◆ SOURCE MATERIAL ◆

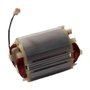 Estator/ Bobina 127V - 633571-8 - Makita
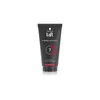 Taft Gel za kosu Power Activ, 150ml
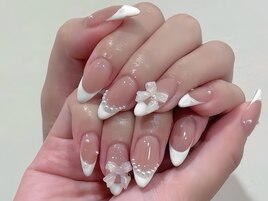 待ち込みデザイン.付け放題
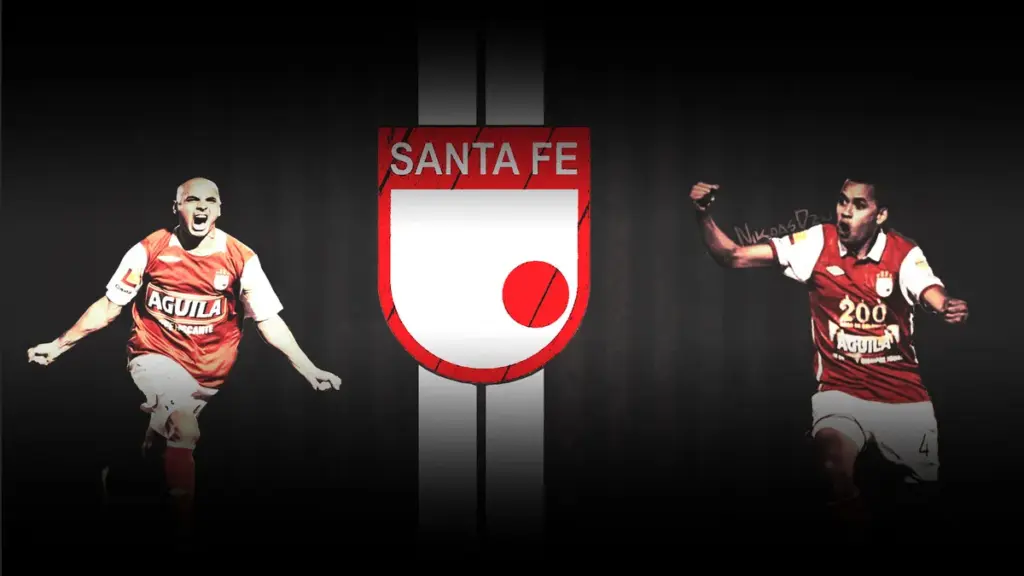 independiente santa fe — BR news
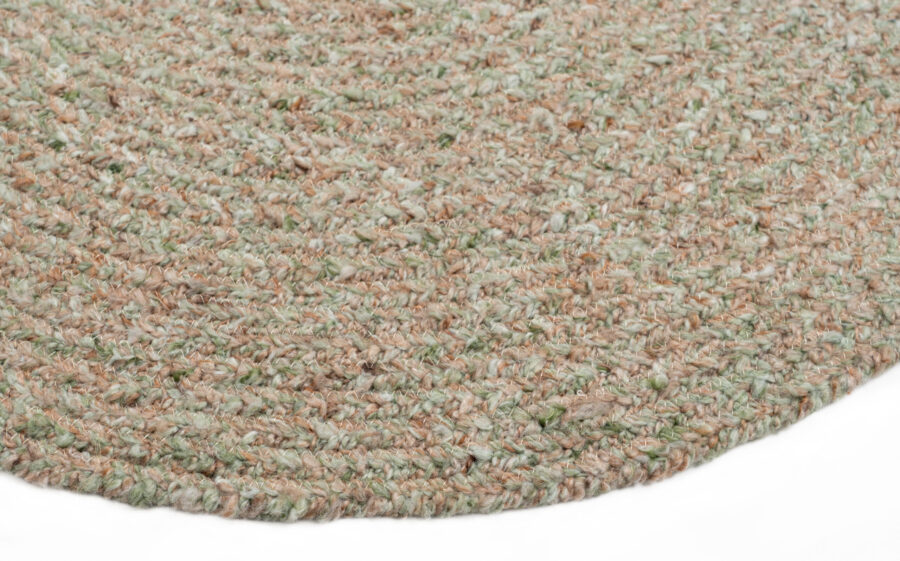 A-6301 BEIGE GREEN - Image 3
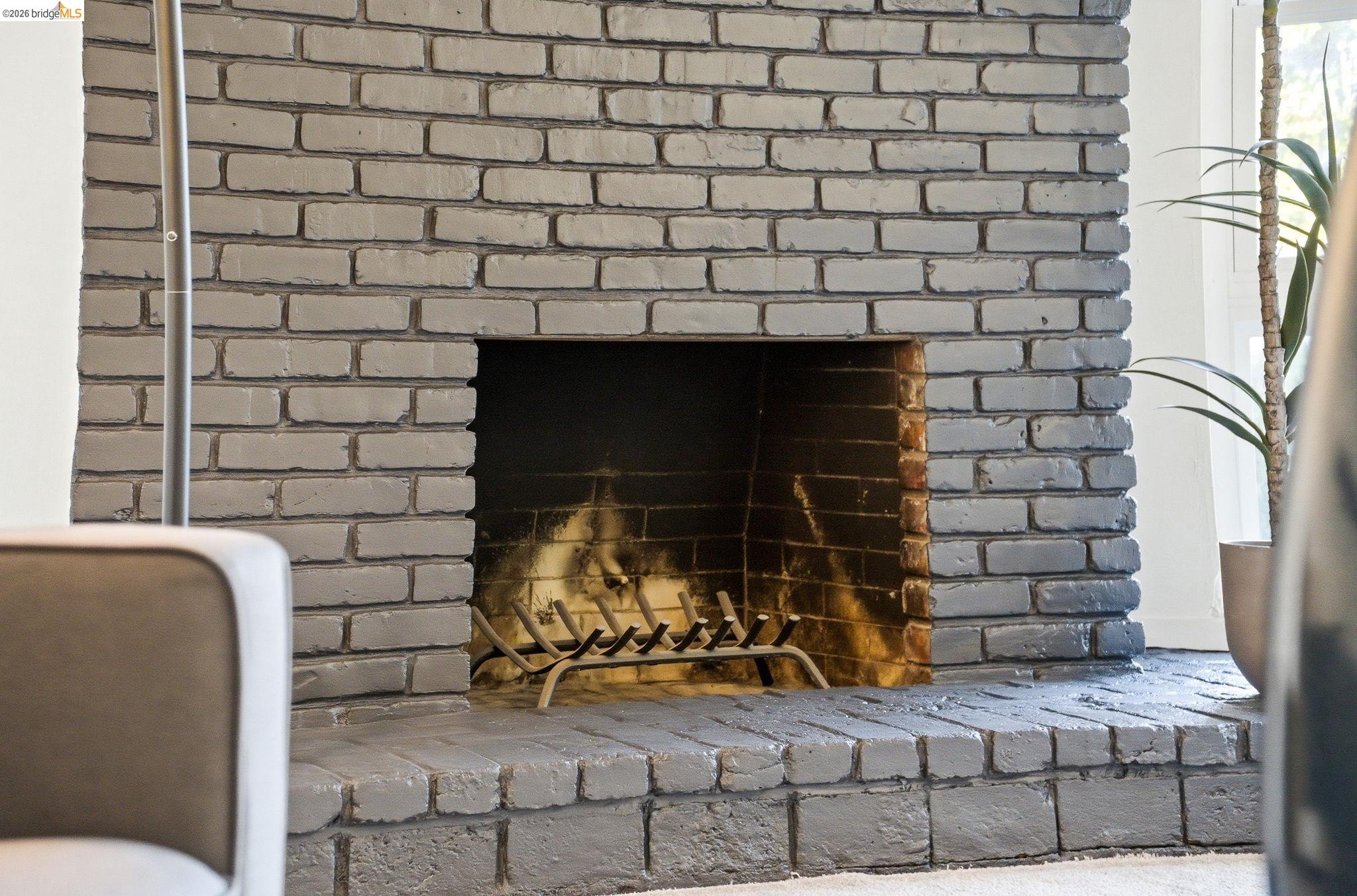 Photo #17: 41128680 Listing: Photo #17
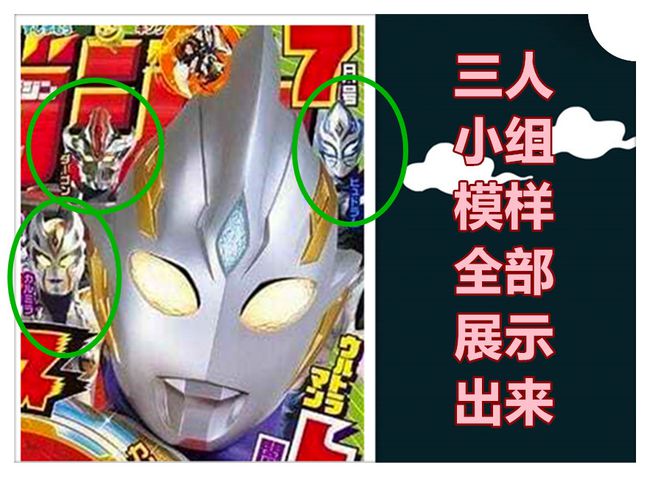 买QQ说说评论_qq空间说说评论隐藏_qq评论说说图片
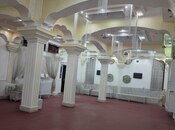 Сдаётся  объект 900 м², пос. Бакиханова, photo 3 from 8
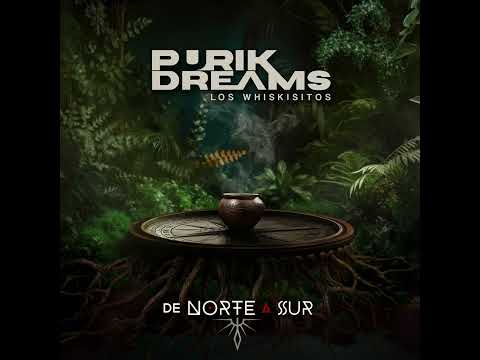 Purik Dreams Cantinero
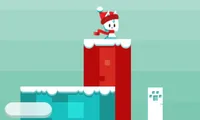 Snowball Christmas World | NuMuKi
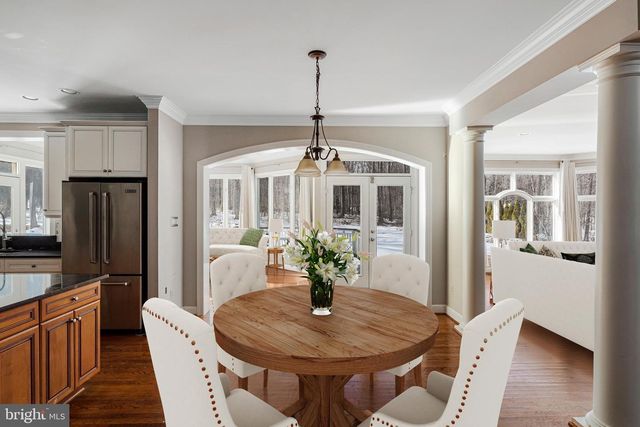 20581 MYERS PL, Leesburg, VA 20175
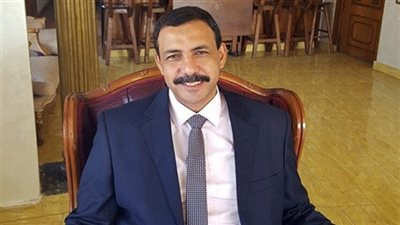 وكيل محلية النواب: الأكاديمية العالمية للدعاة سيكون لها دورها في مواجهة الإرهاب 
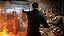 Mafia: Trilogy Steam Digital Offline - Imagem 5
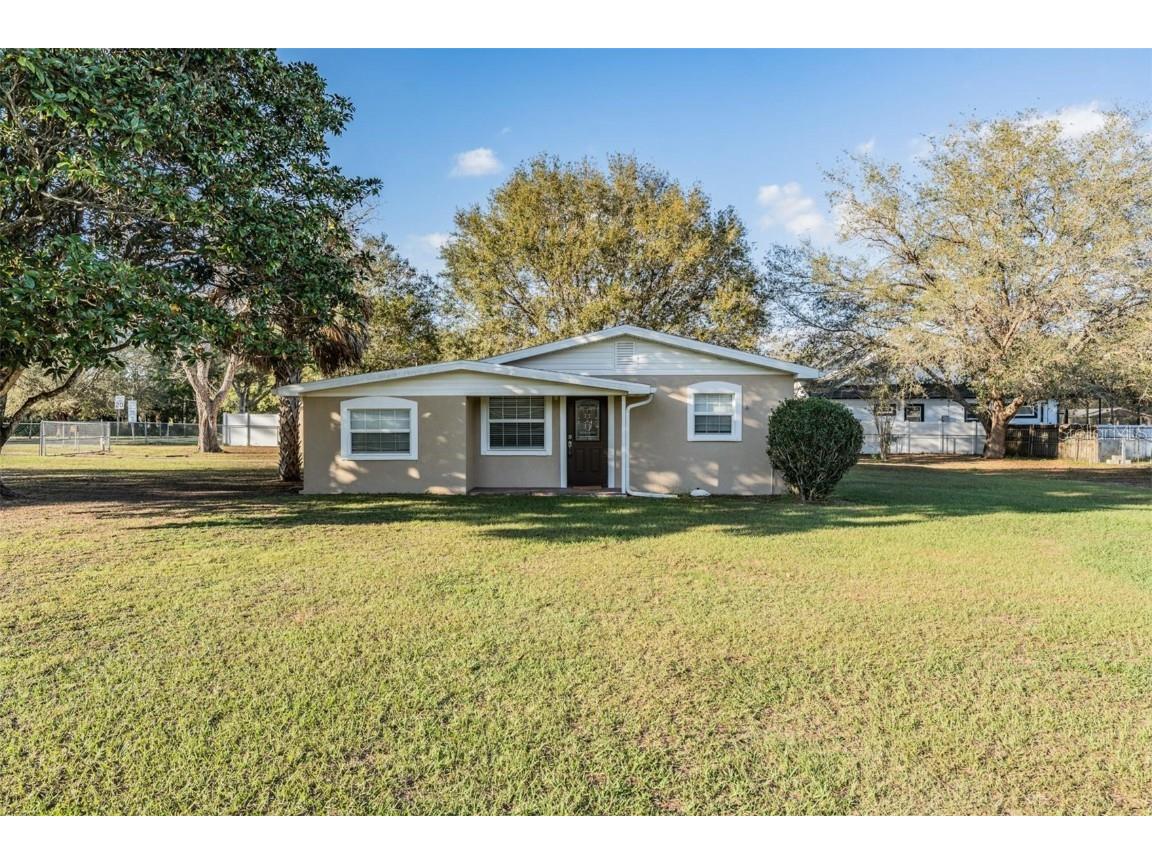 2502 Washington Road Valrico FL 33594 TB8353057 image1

◆ WHAT YOU SHOULD DO ◆
Nothing in the records should be changed in the copy, but the pictures must be left out.

◆ THE COMPLETED TASK ◆
 Estator/ Bobina 127V - 633571-8 - Makita
 Taft Gel za kosu Power Activ, 150ml
 待ち込みデザイン.付け放題
 independiente santa fe — BR news
 A-6301 BEIGE GREEN - Image 3
 Photo #17: 41128680 Listing: Photo #17
 买QQ说说评论_qq空间说说评论隐藏_qq评论说说图片
 Сдаётся  объект 900 м², пос. Бакиханова, photo 3 from 8
 Purik Dreams Cantinero
 Snowball Christmas World | NuMuKi
 20581 MYERS PL, Leesburg, VA 20175
 وكيل محلية النواب: الأكاديمية العالمية للدعاة سيكون لها دورها في مواجهة الإرهاب 
 Mafia: Trilogy Steam Digital Offline - Imagem 5
 2502 Washington Road Valrico FL 33594 TB8353057 image1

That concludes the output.